Despite (or perhaps because of) its humble status, the potato is an obvious choice for distillation. Vodka can be made from any fermentable ingredient, from grain to grapes, and while distilling with the spud has certain stodgy production challenges, its high levels of starch provide convertible (and therefore covetable) sugars for fermentation.

The Polish understood this before many others. While their traditional choice remains a crisp and peppery rye-based vodka, they’ve proved the most successful potato distillers over the centuries, showcasing its distinctively rich, oily and smoother profile.

It’s fair to say that early Polish forays into this spirit weren’t entirely discerning, encouraging a certain amount of scorn from sipping snobs. In the 18th century, distillers were most interested in yield, and as the potato became cheaper than grain, the variety of potato mattered little provided it was easy to cultivate. Back then, it was often haphazardly distilled, resulting in a harsh spirit, but with today’s producers being more considered in their choice of potato, this variety of vodka has earned its luxury label.

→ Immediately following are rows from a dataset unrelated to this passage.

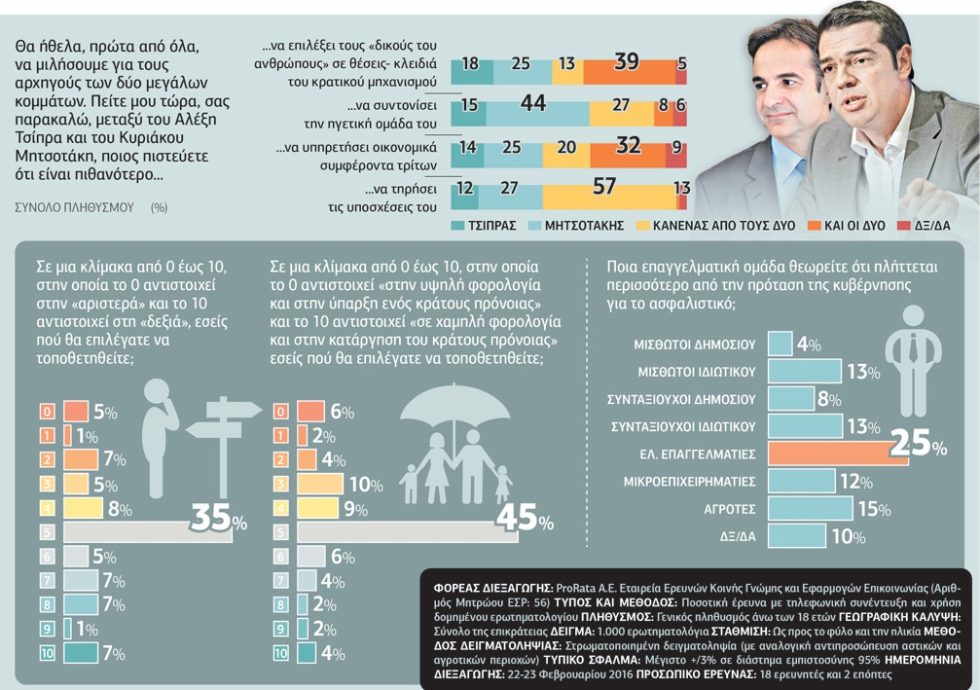 Κρίση αξιοπιστίας στον «μεσαίο χώρο»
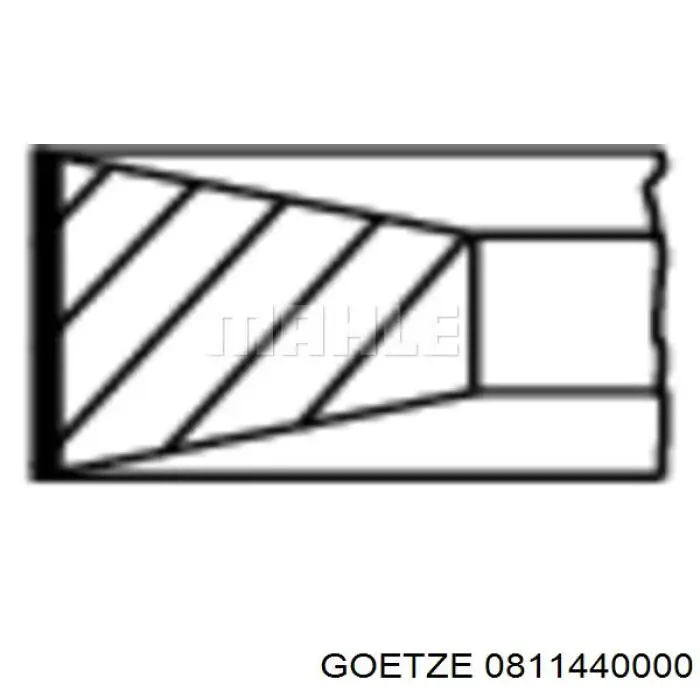 0811440000 Goetze Juego de anillos de pistón para 1 cilindro, STD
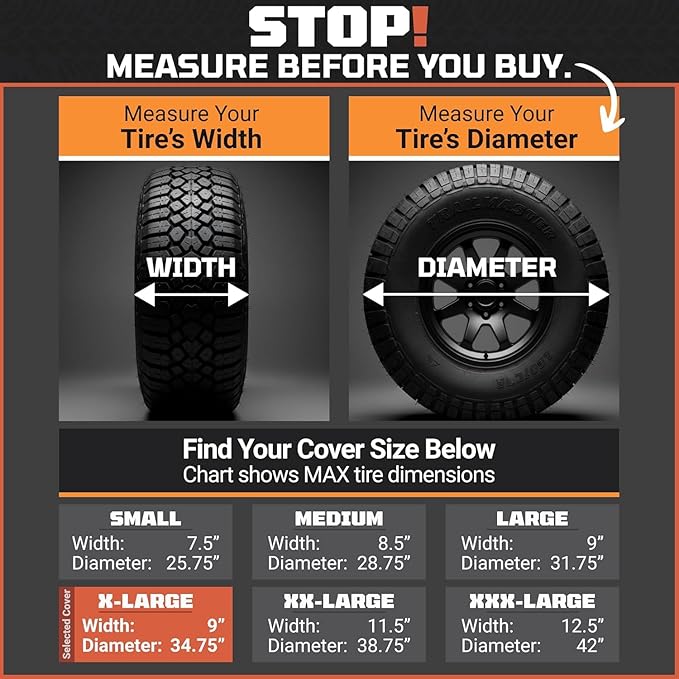TIRESHIELD PRO Trailer Tire Covers (Set of 2) - Heavy Duty All-Weather UV-Resistant Protective Wheel Covers w/StormLock-System - Year-Round Protection for Your Trailer Tires w/ 32-34.75" Diameter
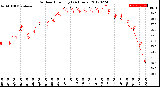 Milwaukee Weather Outdoor Humidity<br>(24 Hours)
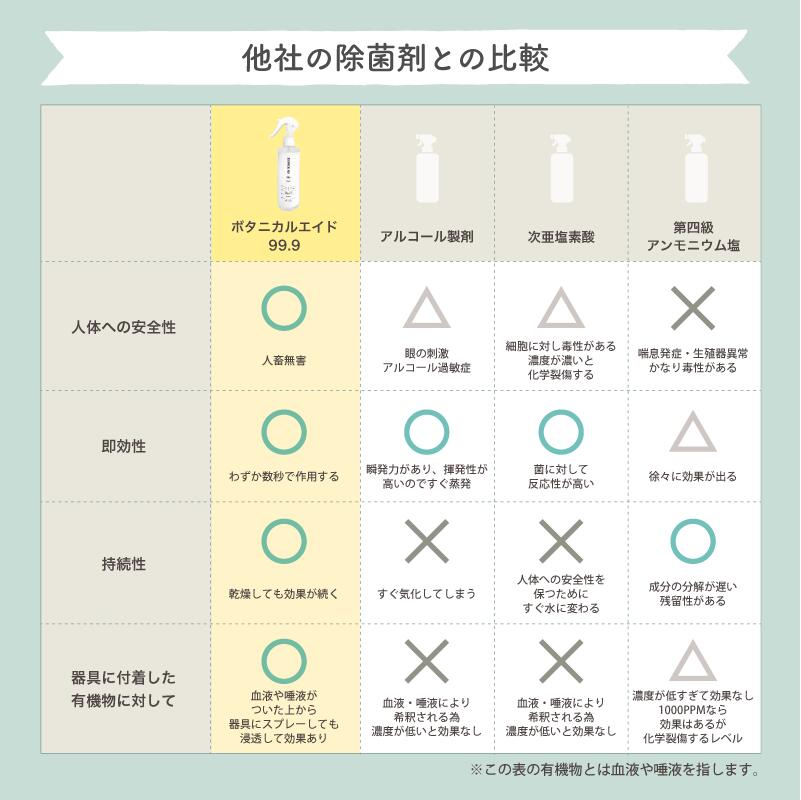 貨物輸送無料 75 Off 福袋 21 除菌吹き付ける ボタニカル輔助99 9 日本製 ノンアルコール ウイルス方略 マスク 除菌 加湿事入 室内除 菌 グレープフルーツ内果皮抽出物 Gse 子ども 唐人笛 Be0127 Restaurant Valentino De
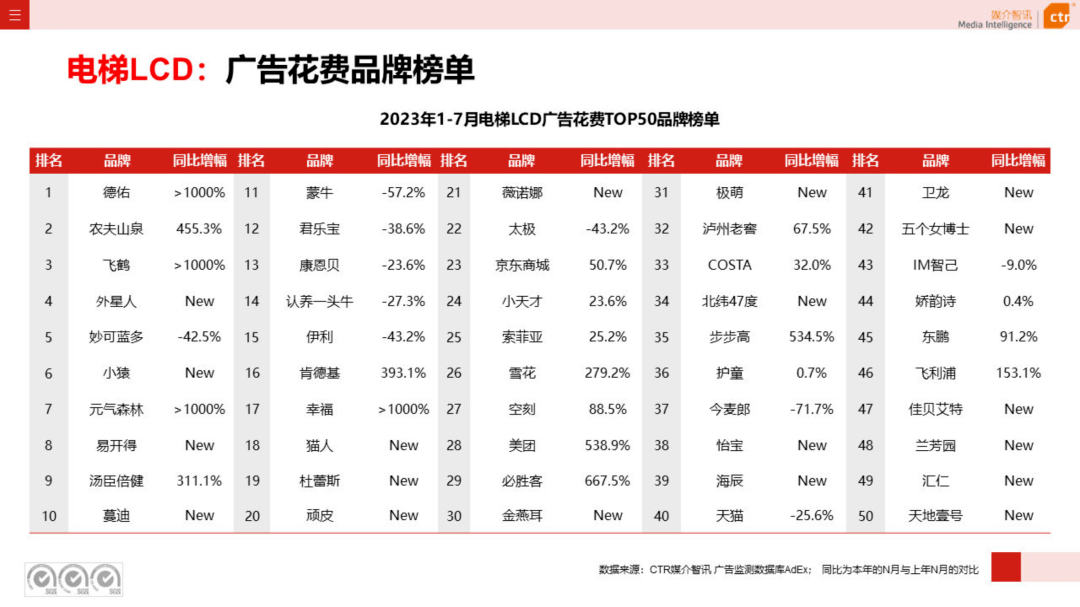2023年1-7月户外广告数据概览（附下载）-第7张图片-亚星国际官网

When the Polish Chopin Potato Vodka (40%, £32.95 for 70cl, The Whisky Exchange) launched in the early 1990s, it was not only a statement of intent for improving potato vodkas, it also became a marker for the entire luxury spirits market. Four-times distilled, using locally sourced produce, it is one of the subtler potato vodkas, slightly crisper than most, but with a hint of creamed potato on the finish.

The Swedes, too, have a potable potato heritage that stems from similarly humble roots. There, the early 20th century state ownership of alcohol resulted in mass-produced rough-and-ready spirit. But today, standards are much higher, and the glorious Karlsson’s Gold (40%, £29.86 for 70cl, Master of Malt) is one of the best around. Created by former Absolut Vodka pioneers, including blender Börje Karlsson, it is incredibly smooth and sweet, using seven varieties of potato.

But right now, the UK is top of the crops. Our King Edwards are one of the best varieties in the world and our distillers have been creating rich and full spirits from this tasty tuber. And when it comes to the recent revolution, much of the credit should be given to the potato farmer William Chase, in Herefordshire.

Chase’s story might be familiar: he revolutionised the luxury-snack market with Tyrrell’s crisps in 2002, and then in 2008 put the potatoes to use in Chase Vodka (40%, £22 for 70cl, The Bar). A complex spirit, rich but still strong on crisp pepper notes and a hint of aniseed, it remains a fine benchmark in the micro-distilling revolution of the mid-Noughties. His success inspired other British distillers to embrace the potato, and many are now producing a refined and discerning drink from it.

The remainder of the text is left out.